# WHAT TO WORK ON
Restate the records that follow. Every word must match.

[Crawled caption data]
□ □ □
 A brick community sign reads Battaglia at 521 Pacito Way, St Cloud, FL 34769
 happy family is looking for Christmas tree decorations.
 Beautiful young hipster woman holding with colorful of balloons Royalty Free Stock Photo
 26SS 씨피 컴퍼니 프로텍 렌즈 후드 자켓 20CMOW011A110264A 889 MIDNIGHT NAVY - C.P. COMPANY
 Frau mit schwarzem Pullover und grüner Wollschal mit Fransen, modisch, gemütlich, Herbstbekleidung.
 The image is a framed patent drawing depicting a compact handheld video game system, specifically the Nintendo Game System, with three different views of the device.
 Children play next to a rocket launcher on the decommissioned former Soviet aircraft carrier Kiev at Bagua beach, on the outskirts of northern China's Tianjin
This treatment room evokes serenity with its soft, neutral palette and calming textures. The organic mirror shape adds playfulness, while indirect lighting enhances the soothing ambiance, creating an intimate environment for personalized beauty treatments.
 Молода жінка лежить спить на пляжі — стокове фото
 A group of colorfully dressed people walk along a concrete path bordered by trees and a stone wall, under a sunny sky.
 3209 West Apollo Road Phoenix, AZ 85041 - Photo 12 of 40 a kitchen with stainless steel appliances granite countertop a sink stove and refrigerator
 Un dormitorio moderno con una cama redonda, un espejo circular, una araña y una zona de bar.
□ □ □
# SOLUTION BELOW
 A brick community sign reads Battaglia at 521 Pacito Way, St Cloud, FL 34769
 happy family is looking for Christmas tree decorations.
 Beautiful young hipster woman holding with colorful of balloons Royalty Free Stock Photo
 26SS 씨피 컴퍼니 프로텍 렌즈 후드 자켓 20CMOW011A110264A 889 MIDNIGHT NAVY - C.P. COMPANY
 Frau mit schwarzem Pullover und grüner Wollschal mit Fransen, modisch, gemütlich, Herbstbekleidung.
 The image is a framed patent drawing depicting a compact handheld video game system, specifically the Nintendo Game System, with three different views of the device.
 Children play next to a rocket launcher on the decommissioned former Soviet aircraft carrier Kiev at Bagua beach, on the outskirts of northern China's Tianjin
This treatment room evokes serenity with its soft, neutral palette and calming textures. The organic mirror shape adds playfulness, while indirect lighting enhances the soothing ambiance, creating an intimate environment for personalized beauty treatments.
 Молода жінка лежить спить на пляжі — стокове фото
 A group of colorfully dressed people walk along a concrete path bordered by trees and a stone wall, under a sunny sky.
 3209 West Apollo Road Phoenix, AZ 85041 - Photo 12 of 40 a kitchen with stainless steel appliances granite countertop a sink stove and refrigerator
 Un dormitorio moderno con una cama redonda, un espejo circular, una araña y una zona de bar.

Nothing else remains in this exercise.